Short web captions:
»»

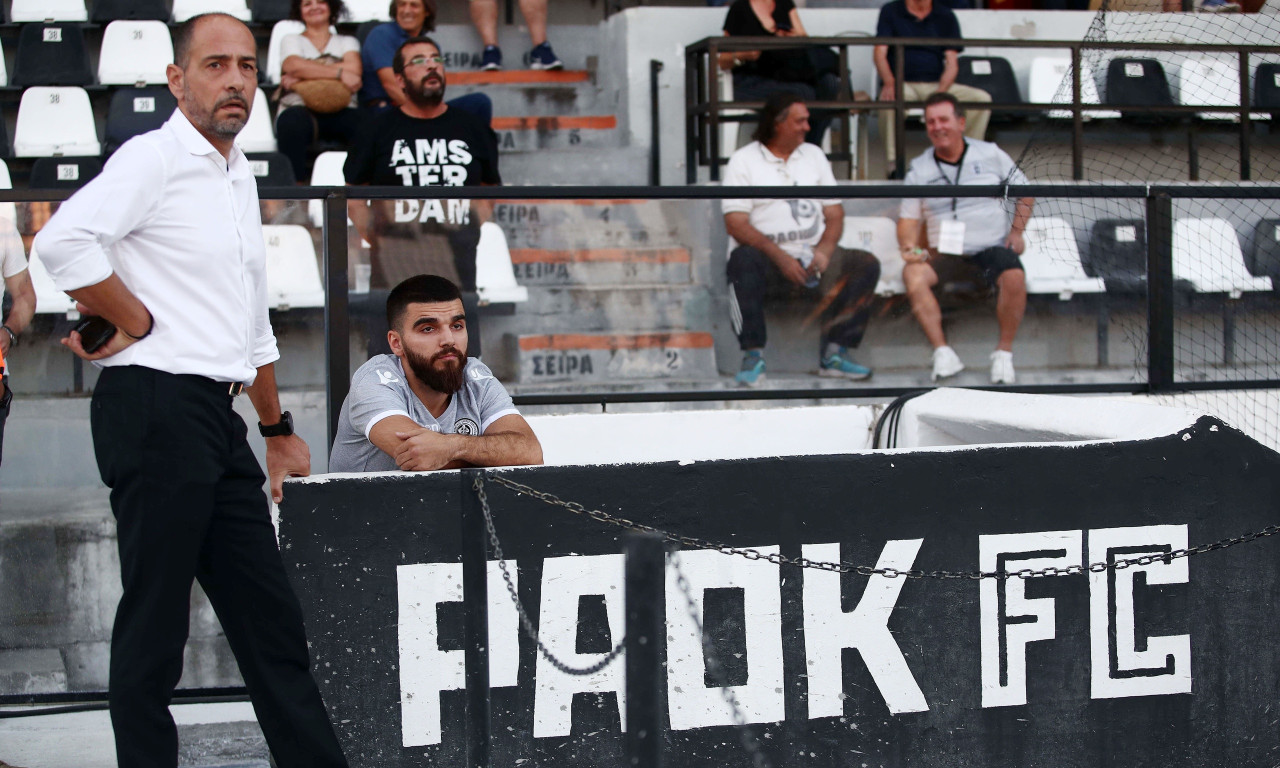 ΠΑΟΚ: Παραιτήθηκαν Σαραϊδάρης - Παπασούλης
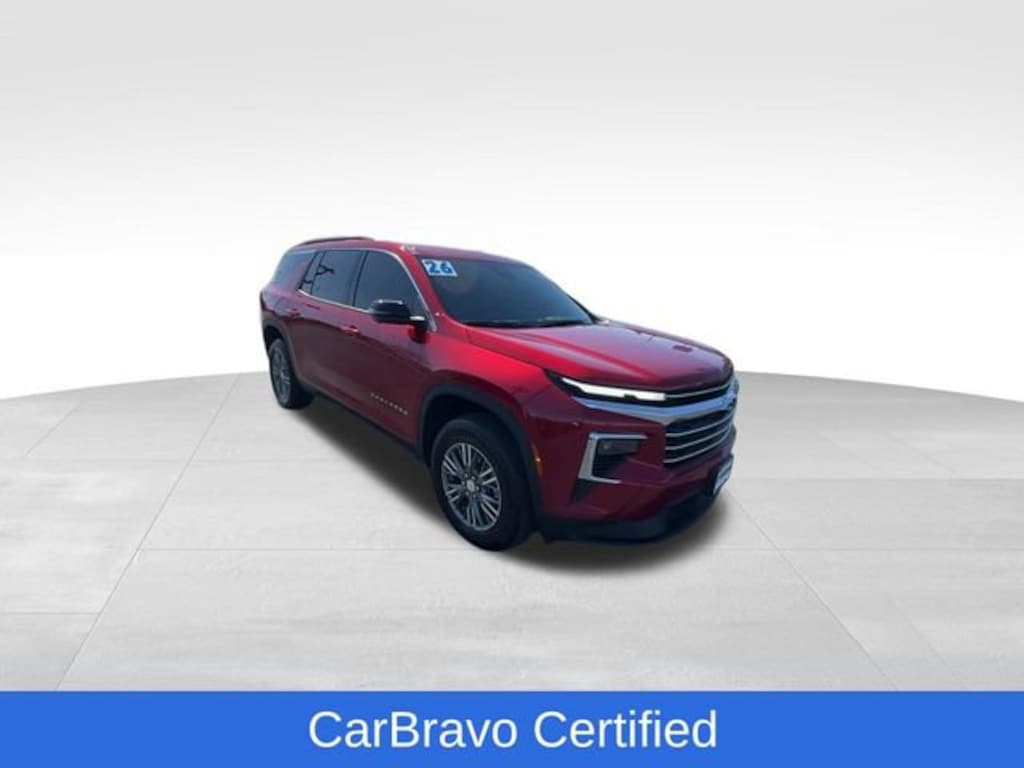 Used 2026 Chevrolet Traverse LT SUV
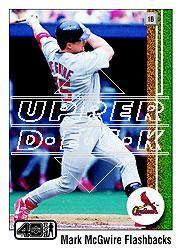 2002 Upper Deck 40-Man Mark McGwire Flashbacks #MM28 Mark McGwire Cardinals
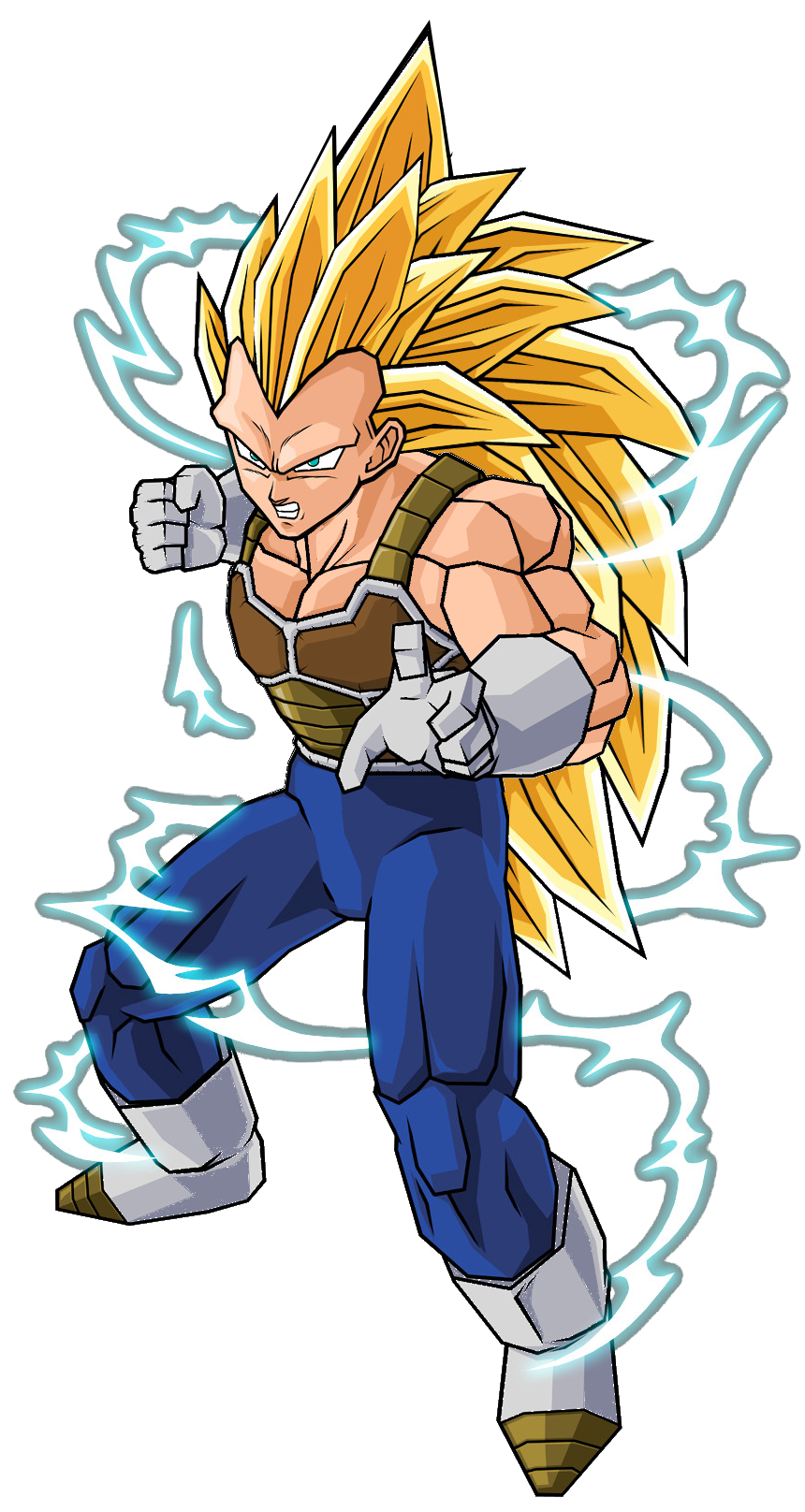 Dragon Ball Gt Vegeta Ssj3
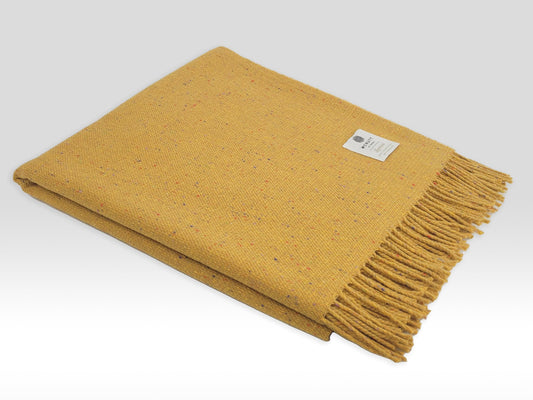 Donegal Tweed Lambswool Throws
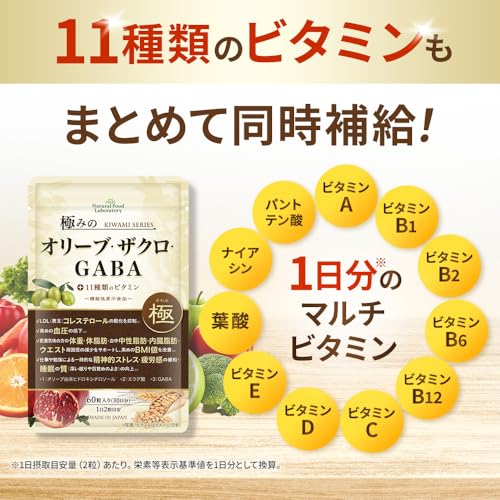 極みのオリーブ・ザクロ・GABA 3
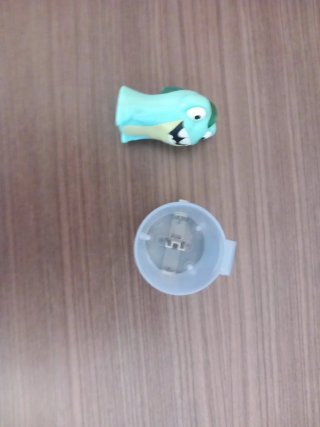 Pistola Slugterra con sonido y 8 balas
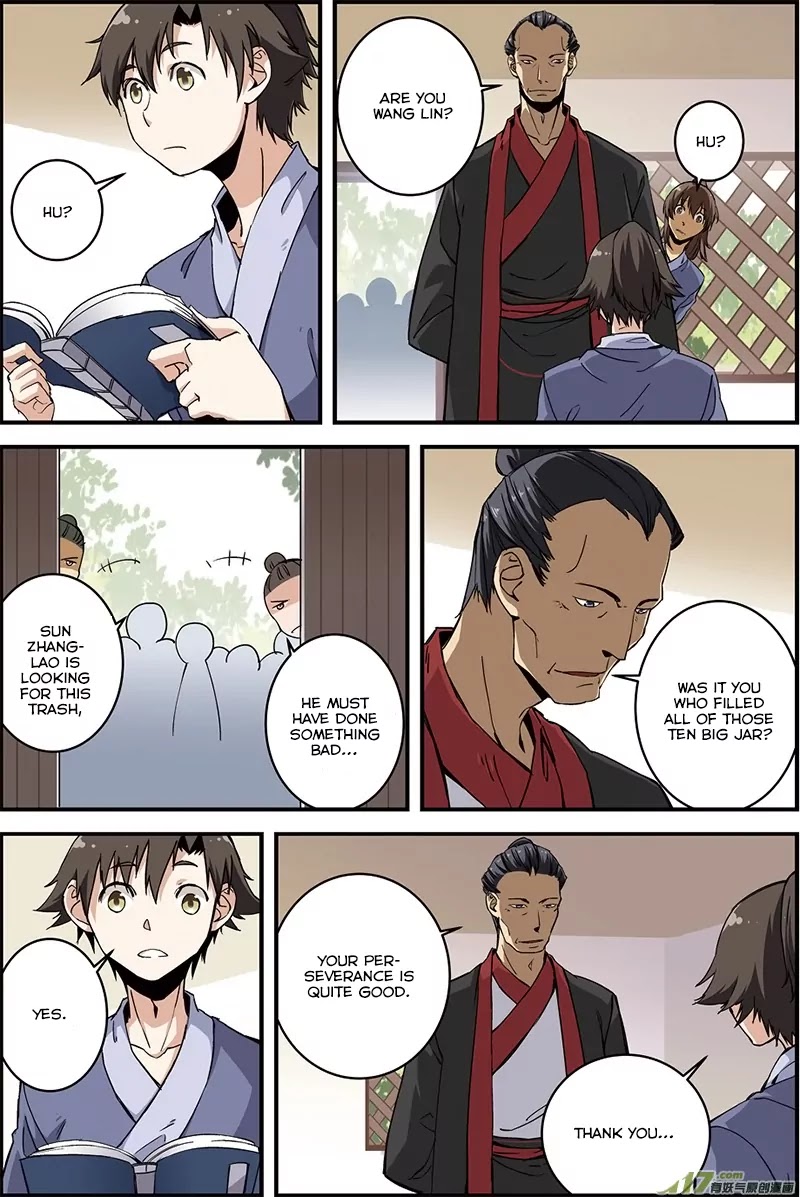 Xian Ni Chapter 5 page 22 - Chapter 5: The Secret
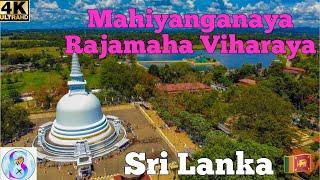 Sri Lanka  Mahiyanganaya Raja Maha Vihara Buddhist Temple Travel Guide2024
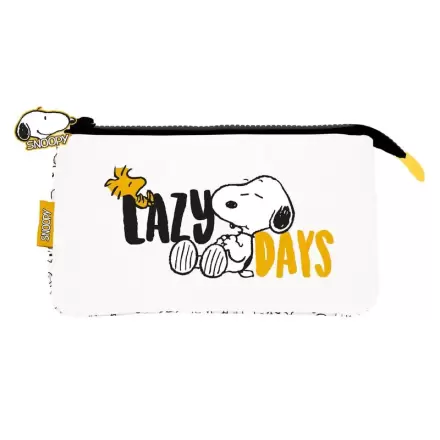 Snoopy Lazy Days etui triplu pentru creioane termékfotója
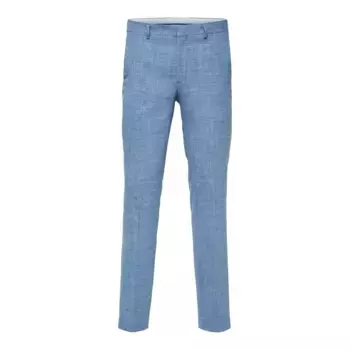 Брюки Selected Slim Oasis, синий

««

**ACTIVITY**. Reproduce the final stretch of lines exactly: the line containing "Pistola Slugterra con sonido y 8 balas" through the last line of the data, both included. Pictures do not belong in the copy.

**EXPECTED OUTPUT**.
 Pistola Slugterra con sonido y 8 balas
 Xian Ni Chapter 5 page 22 - Chapter 5: The Secret
 Sri Lanka  Mahiyanganaya Raja Maha Vihara Buddhist Temple Travel Guide2024
 Snoopy Lazy Days etui triplu pentru creioane termékfotója
 Брюки Selected Slim Oasis, синий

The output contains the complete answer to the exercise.